What is the inverse function of $e^x +x$?

Question

As the natural $\log(x)$ function is the inverse of the exponential $e^x$ and $\log(x +1)$ is the inverse of $e^x - 1$, what is the inverse of $e^x + x$?

Answer 1

That inverse function cannot be expressed by the usual elementary functions, but Wolfram Alpha finds it to be $$ f^{-1}(y) = y - W(e^y) $$ where $W$ is Lambert's W function.

This at least gives it a name, but may not otherwise seem like much progress because the W function is itself defined as the inverse of $xe^x$. So in some sense all we have achieved is relate the solution to your problem to the solution of another similarly difficult problem ...

Answer 2

To supplement the answer posted by @HenningMakholm, I thought it would be instructive to derive the inverse function in terms of Lambert's W Function.
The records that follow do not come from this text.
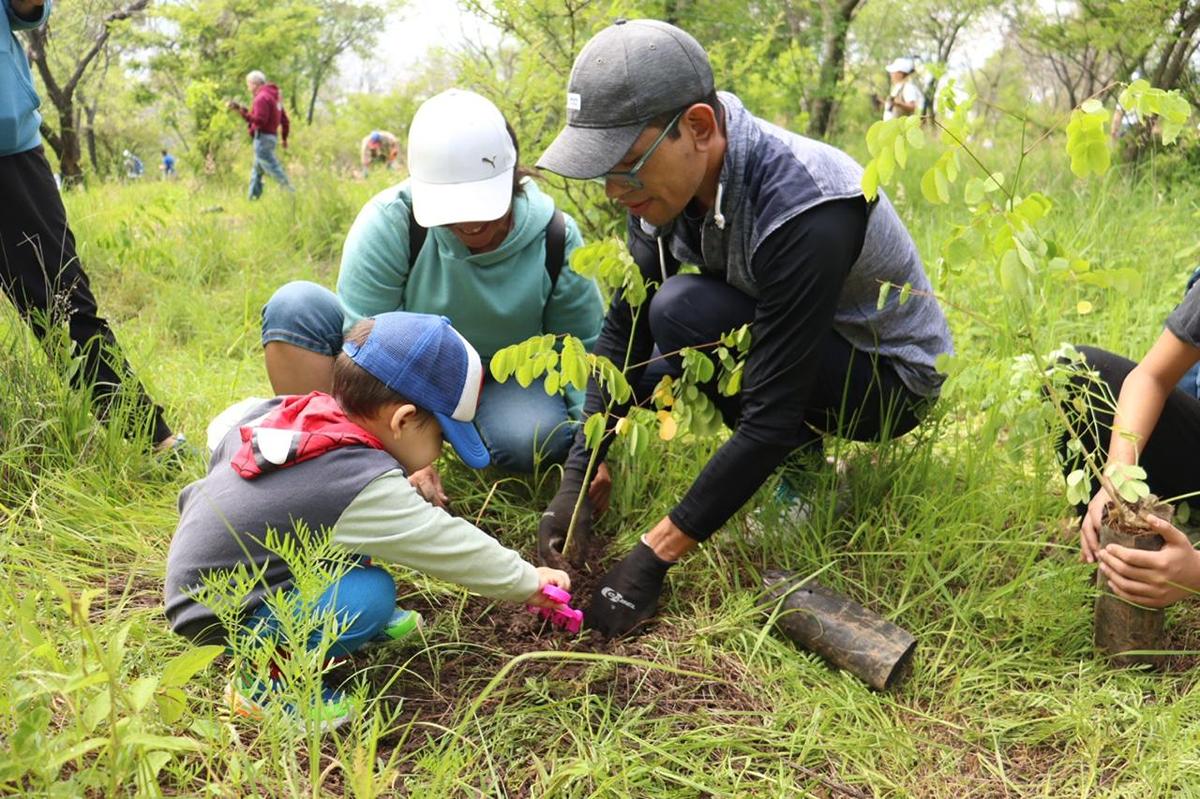 reforestación áreas naturales protegidas morelia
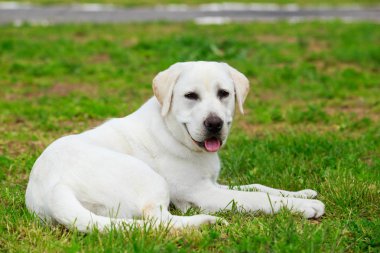 köpek doğurmak labrador geri almak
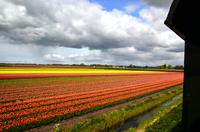 140 Museumstoomtram Horn-Medemblik, Blumenfelder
To that end, we proceed.

First, we note that

$$y=x+e^x\implies e^x=y-x \tag 1$$

Then, multiplying both sides of $(1)$ by $e^{y-x}$ reveals

$$e^y=(y-x)e^{y-x} \tag 2$$

Using the definition of Lambert's W Function, $z=W(z)e^{W(z)}$, in $(2)$ indicates that $y-x=W(e^y)$, whereupon solving for $x$ yields

$$x=y-W(e^y)$$

Therefore, the inverse function of $f(x)=x+e^x$ is

$$\bbox[5px,border:2px solid #C0A000]{f^{-1}(x)=x-W(e^x)}$$

which agrees with the result reported by @HenningMakholm!

Answer 3

Adding to the previous answers, let $y=f(x)=e^x+x,\;x\in\mathbb{R}^+$. $$\begin{align*} f(x)&=y \\ e^x+x&=y \\ e^{e^x+x}&=e^y \\ e^xe^{e^x}&=e^y \\ e^x&=W(e^y) \\ x&=\log W(e^y) \\ f^{-1}(x)&=\log W(e^x)\end{align*}$$ One property of the Lambert W-function is that $\log W(z) =\log z-W(z)$ for positive $z$ in the principal real branch, which shows agreement with the other answers.

If you replace a constant with an arbitrary variable, you might be complicating things more than you think. $e^x+1$ is not difficult to invert, but $e^x+x$ (as we've seen) is a whole other story!